◆ **Work request**
Here is a block of entries. Write out its lines exactly, from the first through the one containing "#ad Boys baby".

Short descriptive text snippets

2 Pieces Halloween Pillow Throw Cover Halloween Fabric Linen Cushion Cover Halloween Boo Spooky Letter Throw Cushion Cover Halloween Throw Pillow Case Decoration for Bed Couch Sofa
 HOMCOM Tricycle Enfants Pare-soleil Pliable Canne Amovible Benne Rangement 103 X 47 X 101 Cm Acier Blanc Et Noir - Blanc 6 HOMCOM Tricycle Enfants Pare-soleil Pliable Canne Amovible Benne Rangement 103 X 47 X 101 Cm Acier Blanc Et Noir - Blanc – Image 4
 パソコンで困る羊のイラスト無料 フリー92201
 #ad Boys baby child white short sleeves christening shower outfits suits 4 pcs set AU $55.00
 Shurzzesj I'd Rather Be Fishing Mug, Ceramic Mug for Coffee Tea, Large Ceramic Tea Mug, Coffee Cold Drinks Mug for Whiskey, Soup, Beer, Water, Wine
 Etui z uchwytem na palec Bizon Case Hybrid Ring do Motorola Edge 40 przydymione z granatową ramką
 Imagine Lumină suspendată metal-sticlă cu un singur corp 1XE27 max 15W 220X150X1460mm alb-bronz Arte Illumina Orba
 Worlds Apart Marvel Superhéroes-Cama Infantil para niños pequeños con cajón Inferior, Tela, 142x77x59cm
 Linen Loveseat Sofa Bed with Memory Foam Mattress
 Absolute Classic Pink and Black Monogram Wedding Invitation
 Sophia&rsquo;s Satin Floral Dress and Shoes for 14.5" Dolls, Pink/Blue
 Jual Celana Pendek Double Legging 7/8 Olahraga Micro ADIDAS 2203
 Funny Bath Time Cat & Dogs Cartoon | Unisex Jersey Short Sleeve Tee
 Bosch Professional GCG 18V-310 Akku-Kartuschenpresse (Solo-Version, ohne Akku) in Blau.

◆ **Answer to this task**
2 Pieces Halloween Pillow Throw Cover Halloween Fabric Linen Cushion Cover Halloween Boo Spooky Letter Throw Cushion Cover Halloween Throw Pillow Case Decoration for Bed Couch Sofa
 HOMCOM Tricycle Enfants Pare-soleil Pliable Canne Amovible Benne Rangement 103 X 47 X 101 Cm Acier Blanc Et Noir - Blanc 6 HOMCOM Tricycle Enfants Pare-soleil Pliable Canne Amovible Benne Rangement 103 X 47 X 101 Cm Acier Blanc Et Noir - Blanc – Image 4
 パソコンで困る羊のイラスト無料 フリー92201
 #ad Boys baby child white short sleeves christening shower outfits suits 4 pcs set AU $55.00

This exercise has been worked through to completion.